Forum Moderators: mack

Message Too Old, No Replies

Weird search requests by Bingbot IPs

         

squarebracket

4:27 pm on Feb 9, 2025 (gmt 0)



For the last couple of weeks, Bingbot IPs have been issuing bizarre search requests on a client's web site. The search syntax is valid, but the search terms have nothing to do with the site. Sometimes they are in Chinese. Sometimes they are gibberish.

I've reached out to the Bingbot support people at Microsoft, but so far they have no answers, and the requests continue.

I've had to block all the Bingbot CIDRs I can discover, and at least now the site isn't spending all its resources doing irrelevant and unnecessary searches.

Why would a search engine crawler even bother to try crawling search results? And why with irrelevant search terms?

I can't help wondering if someone is co-opting Bingbot to perform some kind of DDoS against the site. Before I started blocking the Bingbot CIDRs, the excessive searches were causing site failures.

not2easy

4:46 pm on Feb 9, 2025 (gmt 0)

WebmasterWorld Administrator 10+ Year Member Top Contributors Of The Month



Is it claiming to be Bingbot?
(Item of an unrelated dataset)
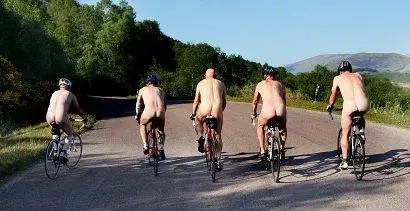 fat_bottomed_men_with_boobs_158.webp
I ask because a lot of the same IPs for Bingbot are sending scraper bots, I have been blocking some of those for years. What is the UA?

squarebracket

5:43 pm on Feb 9, 2025 (gmt 0)



Here's one from a few minutes ago:
52.167.144.234 - - [09/Feb/2025:09:34:57 -0800] "GET /catalogsearch/result/?q=how+to+delete+netflix+history HTTP/2.0" 403 436 "-" "Mozilla/5.0 AppleWebKit/537.36 (KHTML, like Gecko; compatible; bingbot/2.0; +http://www.bing.com/bingbot.htm) Chrome/116.0.1938.76 Safari/537.36"

User Agent is bingbot/2.0.

52.167.144.234 is a verified Bingbot IP (https://www.bing.com/webmasters/verifybingbot).
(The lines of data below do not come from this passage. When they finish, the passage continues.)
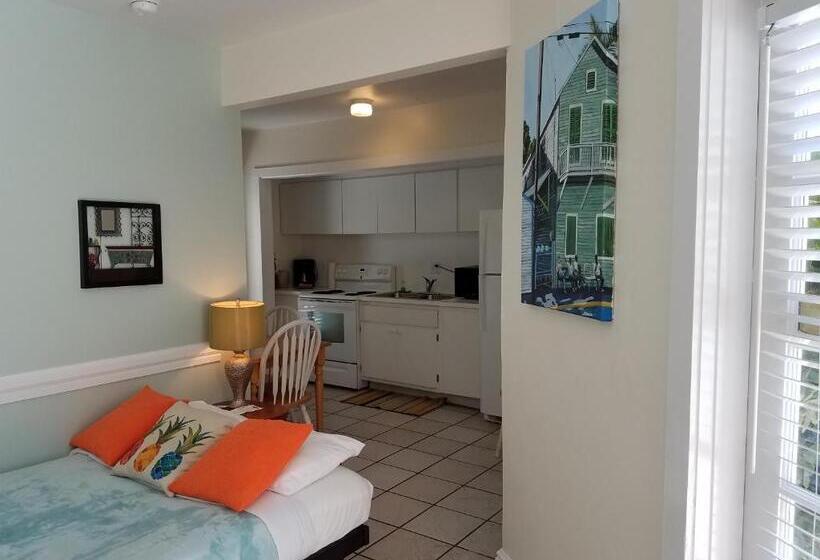 Люкс Вид на Бассейн, Alexander Palms Court   No Hidden Resort Fees!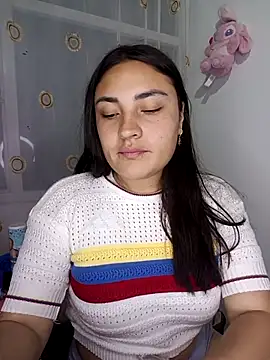 Snapshot of -brendda- chatting on July 8, 2026, 3:11 am -brendda- online show from July 8, 2026, 3:11 am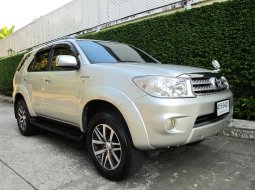 Fortuner2.7V ชื่อเดียว มือเดียว ออกศูนย์โตโยต้าป้ายแดง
So far I'm blocking these CIDRs in htaccess:
deny from 20.0.0.0/11
deny from 40.76.0.0/14
deny from 52.160.0.0/11
deny from 157.55.0.0/16
deny from 207.46.0.0/19

I'm starting to see occasional requests from other Microsoft (but non-Bingbot) hosts, some of which seem relevant. They may be the result of testing by Bing engineers.
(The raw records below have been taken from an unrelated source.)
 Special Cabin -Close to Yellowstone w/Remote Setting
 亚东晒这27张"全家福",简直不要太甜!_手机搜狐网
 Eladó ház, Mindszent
Note that before these weird requests started, I had already throttled Bingbot in robots.txt. I shudder to think what would have happened if that throttling had not been in place.
User-agent: bingbot
Crawl-delay: 60

not2easy

6:04 pm on Feb 9, 2025 (gmt 0)

WebmasterWorld Administrator 10+ Year Member Top Contributors Of The Month



I checked into that first IP and it certainly looks like their IP and UA string. I see I have that IP blocked as well, they ignored robots.txt according to my notes. It is good you had a crawl delay in place.

squarebracket

7:48 pm on Feb 9, 2025 (gmt 0)



According to Microsoft, Bingbot does follow any relevant directives in robots.txt. See [bing.com...]

not2easy

8:37 pm on Feb 9, 2025 (gmt 0)

WebmasterWorld Administrator 10+ Year Member Top Contributors Of The Month



Yes, I had read that they are supposed to read and follow but in practice some bingbot UAs ignore part of it. They get blocked which blocks the ones who might be following directives. Some ranges mentioned above were a source of their MediaBot and that one didn't bother reading it.

squarebracket

1:38 am on Feb 10, 2025 (gmt 0)



This person is seeing the same thing: [answers.microsoft.com...]

squarebracket

11:25 am on Feb 10, 2025 (gmt 0)



In testing, I'm able to reproduce these weird search requests using the Bing Webmaster Tools URL Inspection tool (https://www.bing.com/webmasters/urlinspection).

"GET /catalogsearch/result/?q=<search terms>"

I used the same test URL in the Google Search Console's URL Inspection tool, and it did NOT make a corresponding request to the site, saying "Page cannot be crawled: Blocked by robots.txt". There is definitely a rule in robots.txt that prevents well-behaved crawlers from requesting URLs like that:
User-agent: *
Disallow: /catalogsearch/

This confirms that while Bingbot may honour some robots.txt directives (eg. Crawl-delay), it does not honour all of them, and in particular seems to ignore path-based disallows.

As long as Bingbot and Bing tools can be used to perform attacks like this, I will continue to block Bingbot hosts. Hopefully Microsoft will recognize that this is a problem and do something about it. I've always suspected that Bing Webmaster Tools is just a reverse-engineered Google Webmaster Tools, so if I can demonstrate to MS that a Google function they copied is demonstrably worse than the Google function, maybe they'll pay attention.

Meanwhile, I'm left wondering if this is a directed attack on our site, or if it's just some idiotic script trying to pull useful information from multiple sites.